Support Questions
Find answers, ask questions, and share your expertise
Announcements
Alert: Welcome to the Unified Cloudera Community. Former HCC members be sure to read and learn how to activate your account here.

Problems with Pig View and Tez execution

Problems with Pig View and Tez execution

Expert Contributor

I have problems running non trivial Pig Scripts from the Pig View with Tez execution enabled.

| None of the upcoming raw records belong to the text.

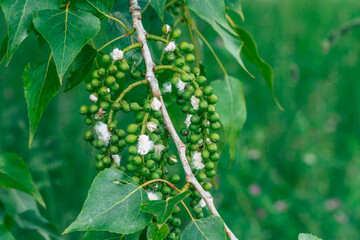 fluff flower on white poplar tree closeup 
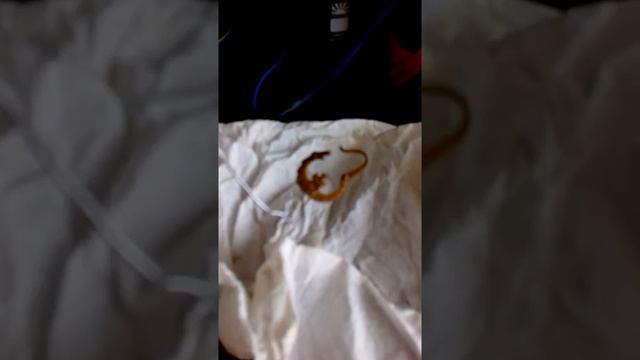 Золочение в домашних условиях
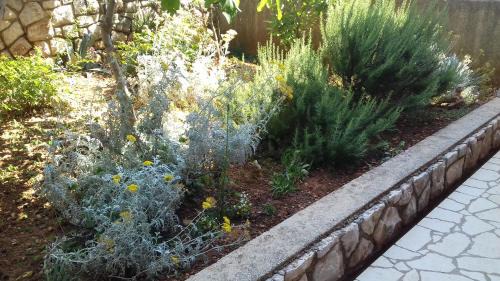 Cres Apartment | Roza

The script I'm testing is the next one based on the the Hadoop Tutorial with minor modifications:

geo = LOAD 'geolocation' USING org.apache.hive.hcatalog.pig.HCatLoader();
abn = FILTER geo BY event != 'normal';
dg = GROUP abn BY driverid;
de = FOREACH dg GENERATE group AS driverid, COUNT(abn) AS events;
dm = LOAD 'driver_mileage' using org.apache.hive.hcatalog.pig.HCatLoader();
dem = join de by driverid, dm by driverid;
risk = foreach dem generate $0 as driverid, $1 as events, (long)$3 as totmiles, 
  (float)$3/$1 as riskfactor;
r = LIMIT risk 10;
dump r;

Of course I'm using -useHCatalog in Pig View, the referenced tables exists in Hive's default database and I've checked that exactly the same script works like a charm from Linux console on grunt ("pig -useHCatalog -x tez") and from the same Pig View using MapReduce, although in this case it takes a lot of time.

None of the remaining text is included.